* _INSTRUCTIONS FOR THE TASK_
Return all of the data exactly, with nothing left out but the pictures.

* _INFORMATION SUPPLIED_
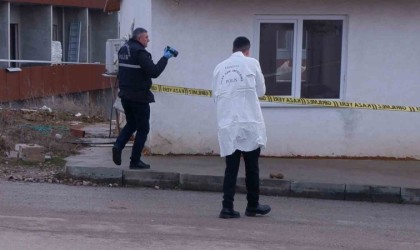 Demir parçası sanıp oynadığı cisim, patlamamış havan mermisi çıktı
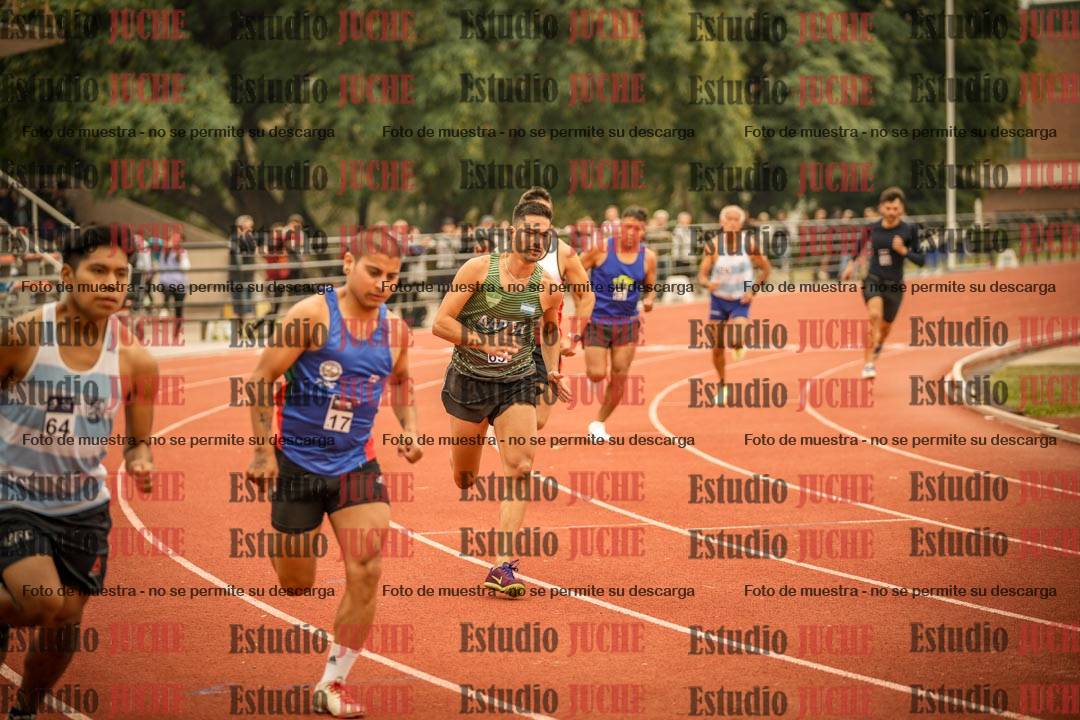 Fotos de los 800 m llanos de varones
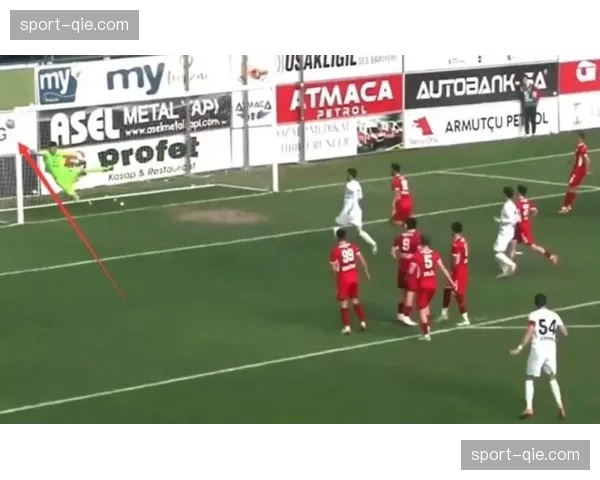 专家观点：现行规则下，进攻球员在任意球人墙中“拆墙”行为是否获利过多？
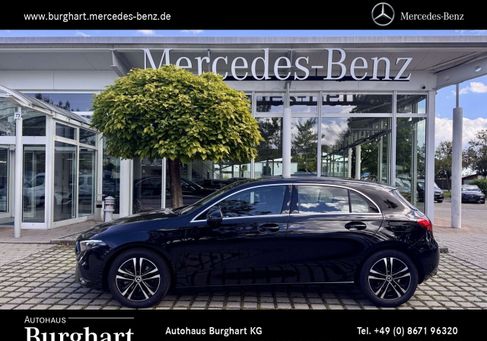 Mercedes-Benz A 180, 2025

* _RESPONSE FOR THIS EXERCISE_
 Demir parçası sanıp oynadığı cisim, patlamamış havan mermisi çıktı
 Fotos de los 800 m llanos de varones
 专家观点：现行规则下，进攻球员在任意球人墙中“拆墙”行为是否获利过多？
 Mercedes-Benz A 180, 2025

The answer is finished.